— Татьяна Павловна совсем плохая, — сокрушённо покачала головой женщина в синем платке. — Заехала вчера к ней в больницу, она слабая, говорит еле слышно, слов порой не разобрать.
— Ой, жалко-то как, — ответила собеседница. — А с врачами разговаривала? Что говорят?
— Кто же мне скажет?! Я ведь не родственница. Да и врача не было на месте. Как смогла медсестру расспросила, но та тоже больно-то не говорит. Сказала только: я бы на вашем месте готовилась...
— О, Господи! — всплеснула женщина руками.
— А Тамара Пална всё дочь ждёт. Лизу, говорит, позовите мне Лизу. Говорит, прощения у неё хочет попросить.
Собеседница скривила губы в недовольной гримасе.
— Лиза! — зло бросила сквозь зубы женщина. — Поди, найди эту вертихвостку! Никогда бы не подумала, что такой неблагодарной окажется.
— И не говори! — поддержала её женщина в синем платке. — Я вот даже не помню она хоть раз навещала мать? Как уехала в свою Москву, так вроде бы ни разу не появлялась. Бросила мать! А ведь Тамара одна её воспитала, всё для неё... Помню, как моя Вера пришла и претензию выкатила. Мол, вы с папой вдвоём работаете, а тётя Тамара одна, но у Лизки сапоги новые модные и куртка.

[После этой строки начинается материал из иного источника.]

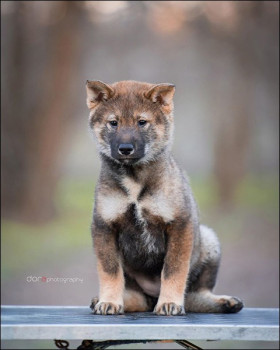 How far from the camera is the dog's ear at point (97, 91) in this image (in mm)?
4082

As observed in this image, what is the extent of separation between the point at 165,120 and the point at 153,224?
558mm

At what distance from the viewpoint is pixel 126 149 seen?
3893mm

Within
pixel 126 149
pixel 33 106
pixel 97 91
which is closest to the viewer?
pixel 126 149

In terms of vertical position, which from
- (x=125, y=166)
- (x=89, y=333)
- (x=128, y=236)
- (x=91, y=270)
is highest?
(x=125, y=166)

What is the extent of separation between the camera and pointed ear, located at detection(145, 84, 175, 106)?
4062 millimetres

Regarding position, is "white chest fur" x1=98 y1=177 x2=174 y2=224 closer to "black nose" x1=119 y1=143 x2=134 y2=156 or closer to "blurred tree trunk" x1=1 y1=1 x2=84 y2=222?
"black nose" x1=119 y1=143 x2=134 y2=156

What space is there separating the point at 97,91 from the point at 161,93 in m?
0.34

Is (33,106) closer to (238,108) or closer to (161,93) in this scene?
(238,108)

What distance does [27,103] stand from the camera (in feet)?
31.6

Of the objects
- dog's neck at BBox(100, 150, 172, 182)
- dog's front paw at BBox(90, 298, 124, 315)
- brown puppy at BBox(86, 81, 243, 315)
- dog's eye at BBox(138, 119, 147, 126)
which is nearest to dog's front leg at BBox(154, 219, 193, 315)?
brown puppy at BBox(86, 81, 243, 315)

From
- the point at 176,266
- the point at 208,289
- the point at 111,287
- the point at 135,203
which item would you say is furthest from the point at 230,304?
the point at 135,203

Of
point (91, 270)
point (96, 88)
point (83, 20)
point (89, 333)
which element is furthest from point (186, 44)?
point (89, 333)

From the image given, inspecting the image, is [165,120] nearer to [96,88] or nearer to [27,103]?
[96,88]

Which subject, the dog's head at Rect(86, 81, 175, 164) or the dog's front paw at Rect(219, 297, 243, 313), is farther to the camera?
the dog's front paw at Rect(219, 297, 243, 313)
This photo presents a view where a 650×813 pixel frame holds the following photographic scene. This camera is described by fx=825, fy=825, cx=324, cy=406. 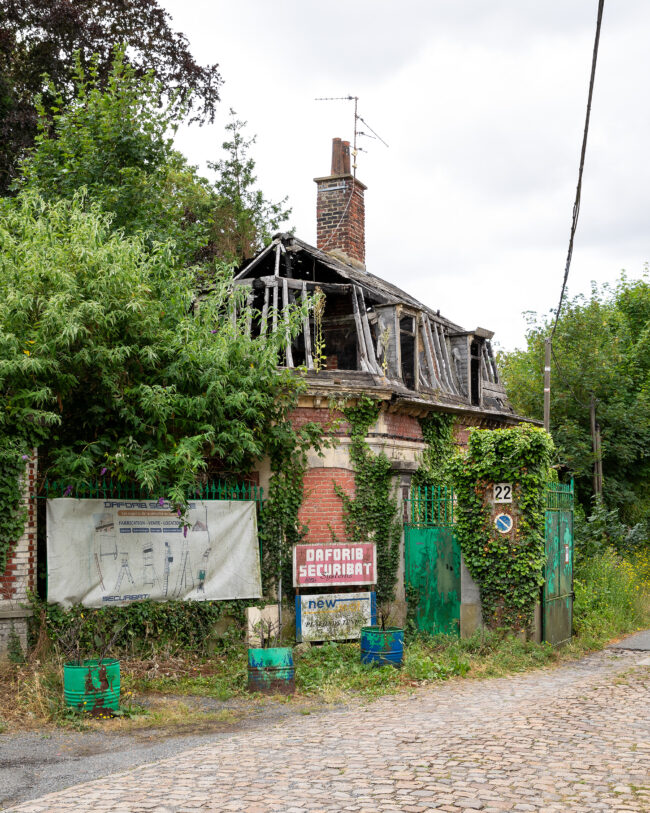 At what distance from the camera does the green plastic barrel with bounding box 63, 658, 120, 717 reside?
869cm

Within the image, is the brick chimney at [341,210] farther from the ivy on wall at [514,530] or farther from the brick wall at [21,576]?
the brick wall at [21,576]

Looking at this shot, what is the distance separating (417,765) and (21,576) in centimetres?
589

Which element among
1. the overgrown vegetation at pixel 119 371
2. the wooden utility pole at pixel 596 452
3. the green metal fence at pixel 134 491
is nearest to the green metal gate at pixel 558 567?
the overgrown vegetation at pixel 119 371

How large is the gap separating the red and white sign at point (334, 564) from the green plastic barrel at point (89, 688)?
466cm

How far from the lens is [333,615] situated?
43.0 feet

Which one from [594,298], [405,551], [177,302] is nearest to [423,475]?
[405,551]

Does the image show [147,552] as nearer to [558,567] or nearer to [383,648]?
[383,648]

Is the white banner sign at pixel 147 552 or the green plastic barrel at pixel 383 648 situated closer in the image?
the white banner sign at pixel 147 552

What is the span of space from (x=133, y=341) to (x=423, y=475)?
704 centimetres

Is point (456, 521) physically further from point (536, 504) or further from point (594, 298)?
point (594, 298)

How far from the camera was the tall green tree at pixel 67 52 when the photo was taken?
19.2 meters

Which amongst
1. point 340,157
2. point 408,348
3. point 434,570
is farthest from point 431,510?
point 340,157

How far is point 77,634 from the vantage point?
1063 cm

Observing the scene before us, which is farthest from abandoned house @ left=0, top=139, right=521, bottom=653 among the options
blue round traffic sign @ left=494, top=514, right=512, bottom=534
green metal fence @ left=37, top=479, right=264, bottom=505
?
blue round traffic sign @ left=494, top=514, right=512, bottom=534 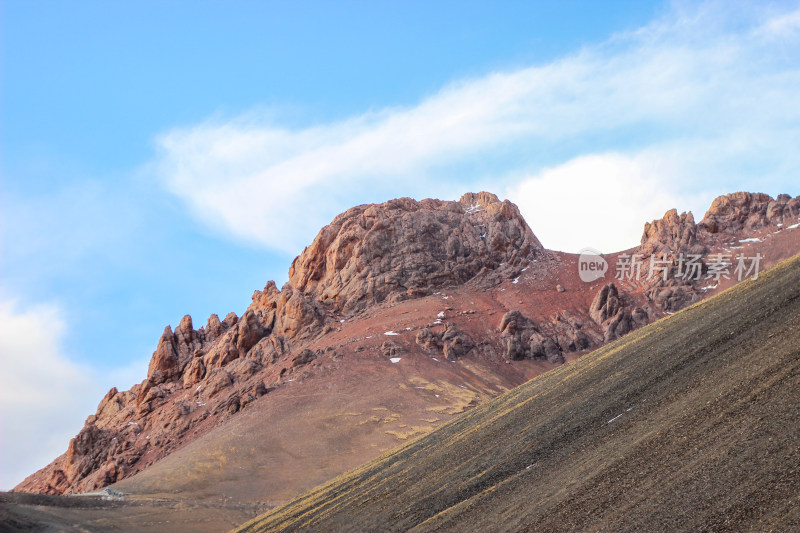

— Копила, наверное, на эти сапоги полгода, — вздохнула женщина. — Всё, чтобы дочь не была хуже других. Не дай бог помрёт, а рядом ни одной родной души. Страшно-то как.
— А ведь молодая ещё, всего-навсего семьдесят... Лизка, конечно, зараза! Нельзя же так! Ну как бы занята ни была, но один раз в год-то можно приехать к матери! Здоровьем справляться, деньгами помогать. У них в Москве зарплаты-то о-го-го какие. Наша пенсия им один раз в магазин сходить, — покачала головой женщина в синем платке и протяжно вздохнула.
— Где бы номер её взять? — задумчиво ответила собеседница. — Позвонить бы...
— Так, может, у Тамары Палны есть?
— Завтра навещу её, спрошу.
На этом соседки разошлись.
В старых хрущёвках ещё существует соседское братство. Сосед порой оказывается ближе родни. Жизнь многих прошла в этих пятиэтажках. Получали квартиры, обзаводились семьями, рожали детей, пережидали окончания лихих девяностых и надеялись хоть на какую-то предсказуемость. Здесь же старели, получали пенсионные удостоверения и занимали лавочки у подъездов. Отсюда же некоторых, видимо, особо торопливых, провожали в последний путь.
Тамара Павловна с дочкой Лизой заехали сюда в конце восьмидесятых. Лиза пошла в первый класс с ребятами этого двора, и детство её прошло здесь. Тамара Павловна была женщиной приятной. Легко влилась в уже существующую компанию соседей. Всегда была в меру открытой, приветливой и исправно ходила на все субботники и собрания. Кто был отцом Лизы неизвестно. Как-то раз она обмолвилась: «сгнил в тюрьме», больше ничего о нём не говорила.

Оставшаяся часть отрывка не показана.